This post is also available in the following languages. Japanese, Korean

Redis Lua script for atomic operations and cache stampede

Kagaya Hokuto2018-11-15

2016年入社。LINE GAME プラットフォームのチームにおいてサーバサイドの開発に従事。

Hello, this is Kagaya, a member of the LINE GAME Platform development team. It's nice to be back after writing a post on Lazybones (Japanese post), in 2016.

Redis and LINE GAME Platform

The LINE GAME Platform uses Redis — in-memory no SQL database — for its main database, mainly for cache. For instance, we are using it for caching the users' social data such as profile and friend list¹, for those who authenticate themselves with a LINE account or Facebook account. We run Redis with Redis Clusters; we use common clusters in a development phase, and individual clusters in the real environment.

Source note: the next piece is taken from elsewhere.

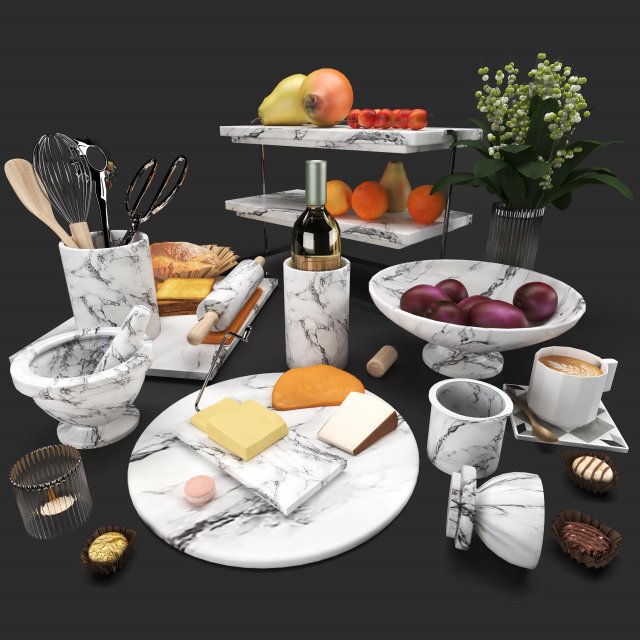 Decorative set for kitchen Modello 3D .c4d .max .obj .3ds .fbx .stl .blend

In addition to Redis, we also use HBase for the main database. Many components use Redis for cache and HBase for permanent storage. We've presented our use case with HBase, Data Processing behind LINE Game Platform, at LINE DEVELOPER DAY in 2017, so check it out if you are interested.

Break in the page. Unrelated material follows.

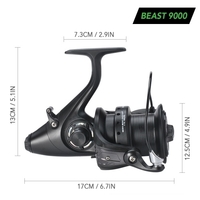 Moulinet à lancer rotatif 12 + 1 BB avec avant et arrière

A common practice in our team is using HBase with Redis. To make using these two easy for applications, we've created a client library, Aegis, for internal use. Aegis is based on an existing Java client on which we've added a feature to manage meta data such as access information. We are using Jedis as Redis client.

Redis Cluster

As I mentioned, we use Redis Clusters, in which each unit of data is stored in a hash slot. The number of hash slots is fixed to 16,384 and clusters are composed by evenly sharding the slots to nodes. Redis uses the CRC16 hash function to allocate a slot for data; divide the CRC16 value by the number of slots, 16,384. To use commands that assign multiple keys, such as MGET or MSET, on Redis Clusters, the keys must be allocated in the same slot. Only then can you run clusters like you are running a single node.

Lua scripting

Lua scripting is a feature available from Redis v2.6.0, where an embedded Lua interpreter on a Redis server processes combined, with the EVAL command or EVALSHA command. There already are a number of libraries embedded in the interpreter available for use by Lua script. One of the strong points of Lua script is that not only can you combine multiple commands, but the script itself is interpreted as a singleton, allowing atomic operation of the script. You have to take care in type conversion and in debugging. For detailed information, please check out the EVAL command page.

Here is an interface for Lua scripting on Jedis.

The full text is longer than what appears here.